WORK REQUEST ▸
Please print nothing but the lines from the one with "You Can't Leave" to the last line of the records below, and omit pictures.

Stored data

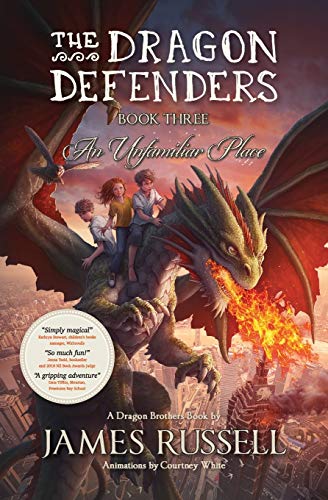 James Russell - The Dragon Defenders - Book Three: An Unfamiliar Place (The Dragon Defenders: the world's first augmented reality novel series, Band 3) - Preis vom 10.10.2026 11:48:34 h
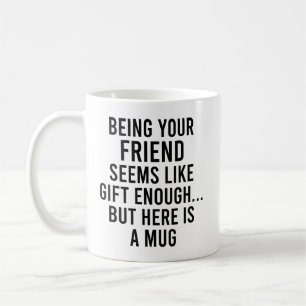 Mug Être Votre Ami Semble Suffisamment Don, Mais Ici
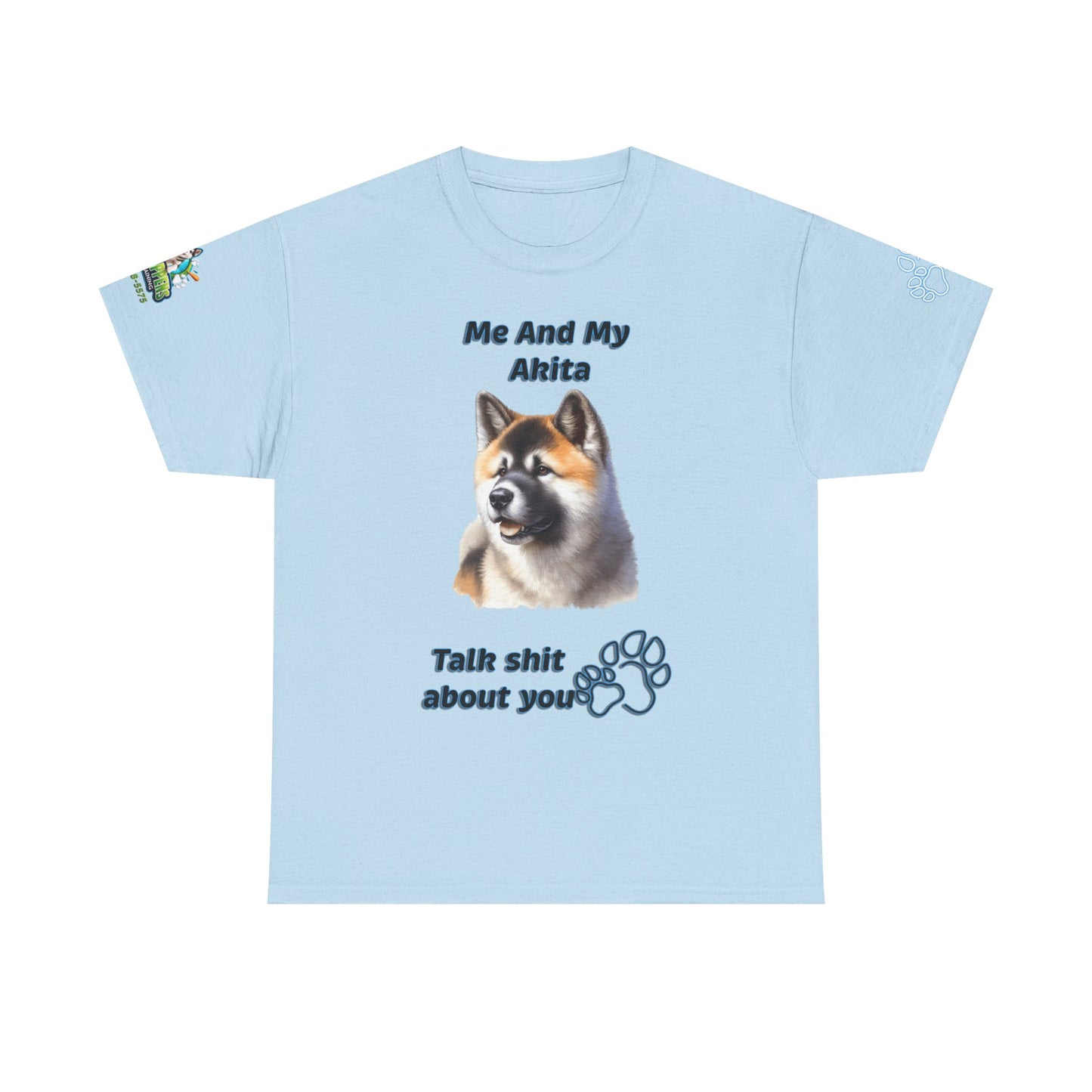 Me And My Akita T-Shirt — Funny "Talk Shit About You" Dog Lover Tee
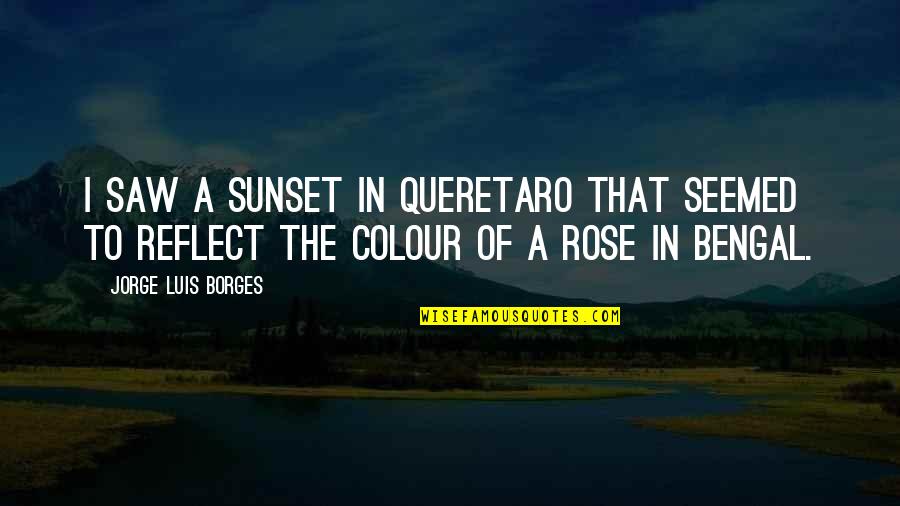 Romanticizing The Past Quotes By Jorge Luis Borges: I saw a sunset in Queretaro that seemed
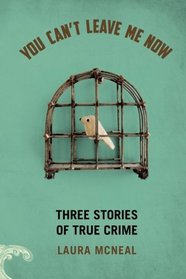 You Can't Leave Me Now: Three Stories of True Crime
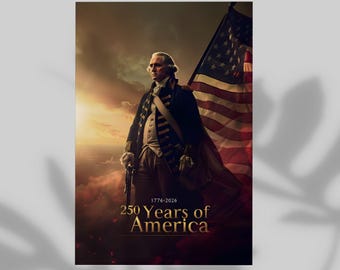 250 Years of America Super Hero Style Poster, Wall Decor George Washington Inspired Patriotic Print, 4th of July Movie Modern Home Decor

YOUR RESPONSE ▸
 You Can't Leave Me Now: Three Stories of True Crime
 250 Years of America Super Hero Style Poster, Wall Decor George Washington Inspired Patriotic Print, 4th of July Movie Modern Home Decor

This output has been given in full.